Top of Excerpted data
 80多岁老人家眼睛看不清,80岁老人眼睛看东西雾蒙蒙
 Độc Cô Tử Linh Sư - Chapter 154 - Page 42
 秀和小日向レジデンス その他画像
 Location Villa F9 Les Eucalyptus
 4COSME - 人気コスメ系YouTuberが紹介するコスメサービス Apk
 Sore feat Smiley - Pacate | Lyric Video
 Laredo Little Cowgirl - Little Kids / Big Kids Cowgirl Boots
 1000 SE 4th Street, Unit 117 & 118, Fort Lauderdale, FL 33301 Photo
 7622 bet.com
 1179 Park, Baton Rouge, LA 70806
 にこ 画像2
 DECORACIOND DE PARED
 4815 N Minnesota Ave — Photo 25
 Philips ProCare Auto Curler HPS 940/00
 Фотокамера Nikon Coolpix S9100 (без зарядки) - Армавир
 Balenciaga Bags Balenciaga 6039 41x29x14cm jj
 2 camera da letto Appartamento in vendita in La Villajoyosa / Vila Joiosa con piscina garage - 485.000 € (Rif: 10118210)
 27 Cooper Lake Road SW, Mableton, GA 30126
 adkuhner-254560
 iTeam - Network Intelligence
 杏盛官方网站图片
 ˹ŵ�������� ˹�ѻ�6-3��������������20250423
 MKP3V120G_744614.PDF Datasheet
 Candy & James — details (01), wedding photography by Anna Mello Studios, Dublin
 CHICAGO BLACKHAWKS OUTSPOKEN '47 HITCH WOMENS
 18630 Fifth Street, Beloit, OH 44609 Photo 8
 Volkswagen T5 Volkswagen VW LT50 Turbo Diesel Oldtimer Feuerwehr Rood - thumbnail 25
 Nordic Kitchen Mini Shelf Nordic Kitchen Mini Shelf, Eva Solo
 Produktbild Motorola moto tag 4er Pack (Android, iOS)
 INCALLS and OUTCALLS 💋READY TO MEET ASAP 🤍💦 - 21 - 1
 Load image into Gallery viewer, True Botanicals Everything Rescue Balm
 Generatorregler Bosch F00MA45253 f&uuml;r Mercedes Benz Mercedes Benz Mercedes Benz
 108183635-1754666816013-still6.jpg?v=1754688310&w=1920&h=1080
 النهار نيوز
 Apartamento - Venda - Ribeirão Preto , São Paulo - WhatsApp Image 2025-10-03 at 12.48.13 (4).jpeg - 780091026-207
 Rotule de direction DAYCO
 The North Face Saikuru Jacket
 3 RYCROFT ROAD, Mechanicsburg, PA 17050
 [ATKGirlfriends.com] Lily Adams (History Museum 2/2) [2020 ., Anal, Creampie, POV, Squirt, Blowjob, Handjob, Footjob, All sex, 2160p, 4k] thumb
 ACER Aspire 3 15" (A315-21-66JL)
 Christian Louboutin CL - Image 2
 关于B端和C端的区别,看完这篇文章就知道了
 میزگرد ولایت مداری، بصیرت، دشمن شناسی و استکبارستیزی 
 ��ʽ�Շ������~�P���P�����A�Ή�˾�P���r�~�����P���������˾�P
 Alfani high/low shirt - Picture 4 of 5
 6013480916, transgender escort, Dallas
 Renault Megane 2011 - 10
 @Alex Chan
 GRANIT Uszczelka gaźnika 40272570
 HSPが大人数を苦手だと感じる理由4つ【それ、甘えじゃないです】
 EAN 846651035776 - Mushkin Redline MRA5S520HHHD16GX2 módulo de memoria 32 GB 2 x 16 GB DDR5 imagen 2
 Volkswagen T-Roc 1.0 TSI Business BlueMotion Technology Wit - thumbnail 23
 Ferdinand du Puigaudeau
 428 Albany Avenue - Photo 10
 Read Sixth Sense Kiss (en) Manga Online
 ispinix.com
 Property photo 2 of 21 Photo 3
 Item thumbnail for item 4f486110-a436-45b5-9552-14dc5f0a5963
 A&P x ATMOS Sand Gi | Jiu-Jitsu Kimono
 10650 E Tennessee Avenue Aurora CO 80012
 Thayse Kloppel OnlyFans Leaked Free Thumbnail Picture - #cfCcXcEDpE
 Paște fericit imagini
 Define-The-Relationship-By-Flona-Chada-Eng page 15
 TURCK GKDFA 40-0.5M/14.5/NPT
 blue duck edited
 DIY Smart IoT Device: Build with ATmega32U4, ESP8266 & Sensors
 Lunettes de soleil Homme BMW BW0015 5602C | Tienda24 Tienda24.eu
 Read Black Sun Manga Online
Bottom of Excerpted data
Exercise brief - Copy the entries above exactly, but only from the line holding "iTeam - Network Intelligence" through the line holding "النهار نيوز", both included.

Problem solution -
 iTeam - Network Intelligence
 杏盛官方网站图片
 ˹ŵ�������� ˹�ѻ�6-3��������������20250423
 MKP3V120G_744614.PDF Datasheet
 Candy & James — details (01), wedding photography by Anna Mello Studios, Dublin
 CHICAGO BLACKHAWKS OUTSPOKEN '47 HITCH WOMENS
 18630 Fifth Street, Beloit, OH 44609 Photo 8
 Volkswagen T5 Volkswagen VW LT50 Turbo Diesel Oldtimer Feuerwehr Rood - thumbnail 25
 Nordic Kitchen Mini Shelf Nordic Kitchen Mini Shelf, Eva Solo
 Produktbild Motorola moto tag 4er Pack (Android, iOS)
 INCALLS and OUTCALLS 💋READY TO MEET ASAP 🤍💦 - 21 - 1
 Load image into Gallery viewer, True Botanicals Everything Rescue Balm
 Generatorregler Bosch F00MA45253 f&uuml;r Mercedes Benz Mercedes Benz Mercedes Benz
 108183635-1754666816013-still6.jpg?v=1754688310&w=1920&h=1080
 النهار نيوز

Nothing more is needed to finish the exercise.